動画にプロモーションが含まれる場合は、[この動画には広告が含まれています。]にチェックを入れてください。
⑦配信日時を設定する
ライブ配信を行う日を記入し、時間をドロップダウンメニューから選びます。
定期的に配信を行う場合には、[定期的なイベント]横のトグルボタンをオンにしてください。
⑧概要欄に動画の内容を記入する
概要欄に、動画説明を入力します。記入は任意ですが、動画内容が一目でわかるよう、簡潔に記載すると良いでしょう。
4.配信先を選択する
Vimeoのライブ配信は、FacebookやYouTubeなどのSNSを通じて、1度に最大10件まで同時配信を行うことができます。

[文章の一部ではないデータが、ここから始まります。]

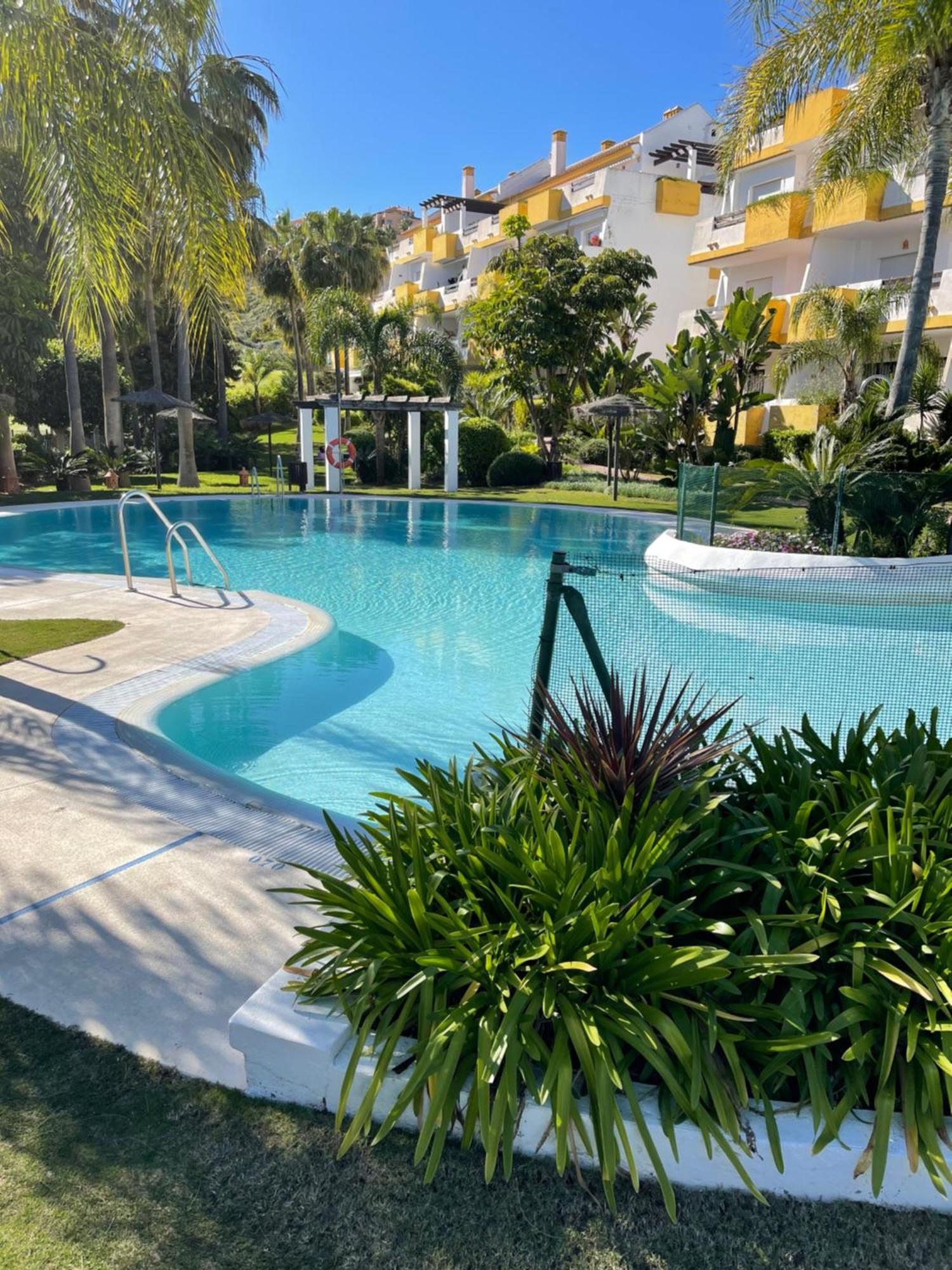 Fantastico Con Vistas En Urb Calanova Grand Golf En Cala De Mijas Appartamento Málaga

一覧にある[ Vimeo OTT ]とは、視聴者に対してストリーミングサービスを提供できるオーバーザトッププラットフォームです。Vimeo OTTのサブスクリプション機能を利用すれば、有料のライブ配信も可能です。また、最下段の[RTMP]では、最大20件まで異なる同時配信先を指定できます。TwitterなどのSNSで同時配信をしたいときに選択しましょう。
5.ストリーミング配信方法を選択する
Vimeoライブ配信は、次の4種類のストリーミング配信方法から選択可能です。詳しくは次章で説明します。
- Vimeoでストリーミング(定期的なイベント)
- RTMP経由でストリーミング(定期的または1回限りのイベント)
- ウェブカメラでストリーミング(1回限りのイベント)
- Livestream Studio経由でストリーミング
ここでは、定期配信、または、1回限りのイベントに選択できる[RTMP経由でストリーミング]の設定方法をご紹介します。
6.RTMP経由でストリーミング配信する
この方法は、外部のエンコーダー(配信用ソフトウェア)を使用します。ここでは無料で利用できる Open Broadcaster Software(OBS)の「OBS Studio」を例に解説します。
Vimeoの配信先設定画面の右側に[ウェブカメラ][接続(RTMP)]のタブが表示されているので、[接続(RTMP)]をクリックします。
画面上に表示されるRTMP URLとストリームキーを取得しておきます。窓枠右側に表示される青色のコピーボタンを押すと、取得可能です。
同時に、[ライブ配信前にストリームをプレビュー]のトグルボタンをオンにしておきましょう。オフの状態では、OBS側のエンコードを始めると、Vimeoでも自動的に配信が始まってしまいます。
続いて、OBS Studioを開きます。[ファイル]>[設定]>[配信]へ進み、先程取得したストリームキーを入力します。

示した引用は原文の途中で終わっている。